Die schwierigste Frage dürfte sein, ob die Verfassung wirklich so schnell in einer Form zustande kommt, der alle Hauptgruppen zustimmen können. Wenn dies nicht geschieht, wird die säkulare Opposition vermutlich auf Durchführung der Wahlen, ohne die Verfassung drängen.
Sie würde damit erreichen, was ihre ursprünglichen Forderungen waren, nämlich Auflösung der Versammlung und Rücktritt der Regierung.
Gute Aussichten für die Säkularisten
Wahlen, so verspricht sich die Opposition, möglicherweise zu recht, würden diesmal sie begünstigen - wegen der bitteren Enttäuschung weiter Kreise über die bisherigen Resultate der Revolution. Ein Wahlsieg der Säkularisten würde wohl auch den zweiten Anlauf zur Formulierung einer Verfassung beeinflussen, falls diese in der kurzen Frist vor den Wahlen nicht unter Dach gebracht werden kann.
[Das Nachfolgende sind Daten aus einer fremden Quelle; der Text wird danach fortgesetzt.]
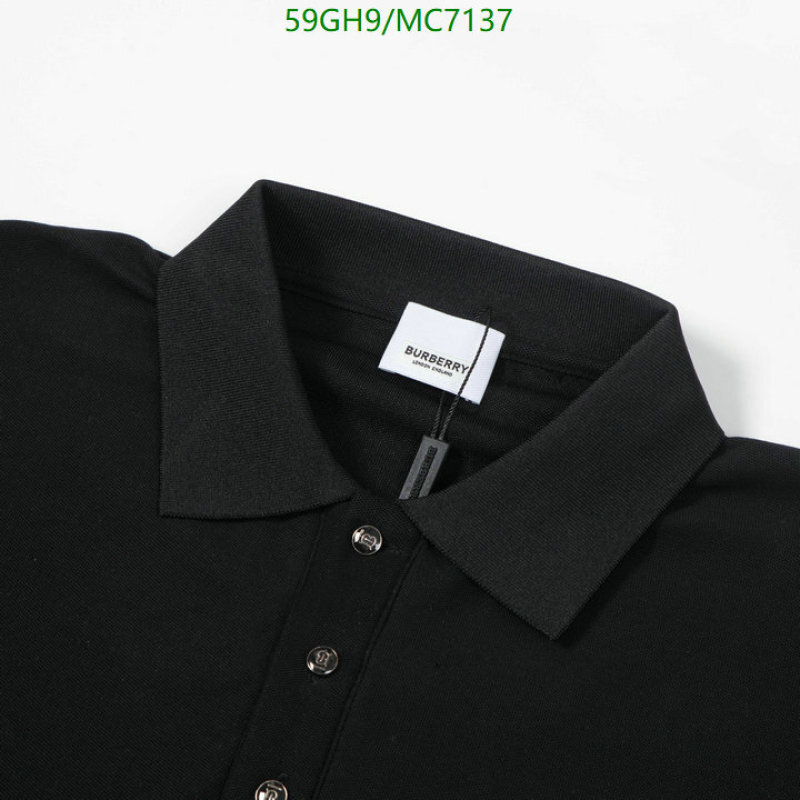 Burberry-Clothing Code: MC7137 $: 59USD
Die Kommentare in den tunesischen Zeitungen, besonders in jenen, die den Säkularisten nahe stehen, spiegeln tiefe Skepsis über "unsere Politiker", die sich nie zum Wohle des Landes untereinander verständigen könnten und sich stattdessen beständig stritten, weil ein jeder auf seine eigene Stellung bedacht sei. Ob diese schlechten Noten den Politikern helfen werden, für einmal doch noch zusammenzuarbeiten?